# What is your favorite shampoo?



## Sam375 (Feb 2, 2009)

Hi-
I was going to try a few threads to help some of the newer owners (me included) that have not yet gone through all the shampoos/conditioners. 

:bathbabylease tell the following.

Which products?

What type(s) of coat on your Hav?


you like the results?

Why?


----------



## imamurph (Apr 15, 2008)

I use all EQyss products: the Premier shampoo & conditioner, Avacado mist, and Survivor
detangler

Sophie has fine hair, and the Survivor dangler has given her coat more body
Gabriel has ALOT of cottony hair and all the Eqyss products are also great on his coat


----------



## Sam375 (Feb 2, 2009)

Does it help with the frizzies-poofiness on the cotton?


----------



## imamurph (Apr 15, 2008)

The premier conditioner does, and doesn't weigh the coat down. I use the Avacado mist before brushing and that also works well...the Survivor has to be used in pea size amounts and I just pat it into the hair..it's a graet detangler, but has to be used very sparsly!


----------



## marjrc (Jan 13, 2007)

Just to let some of you know, there are many other threads on this subject you might want to check out.
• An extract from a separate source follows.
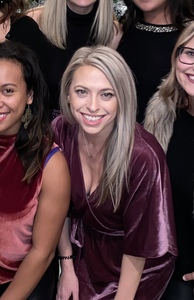Sara Roland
This one might help: http://havaneseforum.com/showthread.php?t=5758&highlight=shampoo

One on Plum Silky: http://havaneseforum.com/showthread.php?t=8868&highlight=shampoo

Favorite shampoo?: http://havaneseforum.com/showthread.php?t=7918&highlight=shampoo

Isle of Dog products: http://havaneseforum.com/showthread.php?t=5180&highlight=shampoo

Anyway... just an example. If you look through this Grooming section, you will find answers to many of your questions - not just yours, Sam375, but anyones' questions, including the types of coats members' Havs have. That's a common question/concern too! lol

One can "bump" older threads with a post so that the discussion can be renewed or continued.

Hope that helps!


----------



## Sam375 (Feb 2, 2009)

hi-
The links are good, but they are usually very long and go off topic, just thought it would be beneficial to have some threads with some shorter more specific responses. Sort of quick threads.


----------